O amigo de Espiel, o pintor e curador amazônico Denilson Panewa, disse que ele e Espiel fizeram um acordo logo após se encontrarem e discutirem os maus-tratos contínuos do mundo da arte aos artistas indígenas.

“Eu teria matado Makunima em Mario”, disse ele, “e Gaider teria trazido Macuxi Makunaima de volta à vida.”

A pintura de Denilson de 2019, Re-Antropofagia, mostra a cabeça de Andrade sendo apresentada em um prato como uma oferta de artistas aborígenes. A pintura agora está exposta na Pinacoteca de São Paulo, ao lado da pintura modernista de Tarsila do Amaral, Antropofagia, de 1929.

Dodson entrevistou Espel e Denilson em 2019 e passou três horas discutindo sua tradução. Ele não tinha problemas com o romance de Andrade em si, disseram Espiel, Dodson e Denilson, mas com o equívoco de que os modernistas haviam “descoberto” práticas culturais indígenas de longa data.

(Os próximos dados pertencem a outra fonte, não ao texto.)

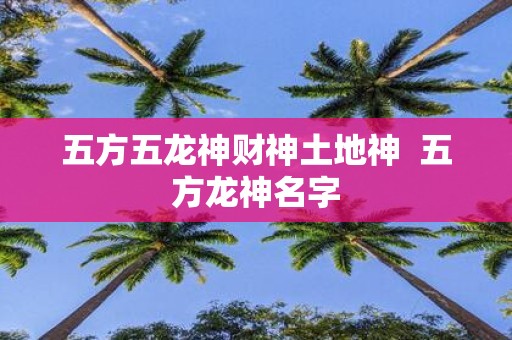 五方五龙神财神土地神 五方龙神名字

Em um artigo, Isbell descreveu perguntando a Makunima por que ele permitiu que Andrade “roubasse” sua história. No artigo, Makunima responde: “Filho, eu me prendi na capa deste livro. Dizem que fui sequestrado, roubado, traído, enganado. Dizem que sou um tolo. Não! Foi ideia minha ser na capa. Eu queria ir com aqueles caras. Eu queria fazer nossa história. Eu vi nossa chance de encontrar nossa imortalidade.

Espel morreu no final de 2021, e Dodson pediu ao New Directions para usar uma de suas pinturas como capa para a versão dela de “Makunima”.

Quase um século depois de sua publicação, muitos fãs brasileiros do romance não tinham certeza de como ele seria recebido nos Estados Unidos. “Makunima está sempre prestes a ser abolido”, disse Mira Montero, professora da Universidade de Princeton.

No entanto, Dodson acredita, por exemplo, que o livro ressoará com um novo público americano sintonizado com uma história assombrada pela escravidão e expropriação da população indígena, marcada pela interação entre imigração e xenofobia – e sob uma tensão de longa data de ” multiculturalismo virtuoso”. “

“Acho que os americanos vão entender o absurdo de tantas pessoas de todo o mundo unidas sob uma bandeira”, disse Dodson.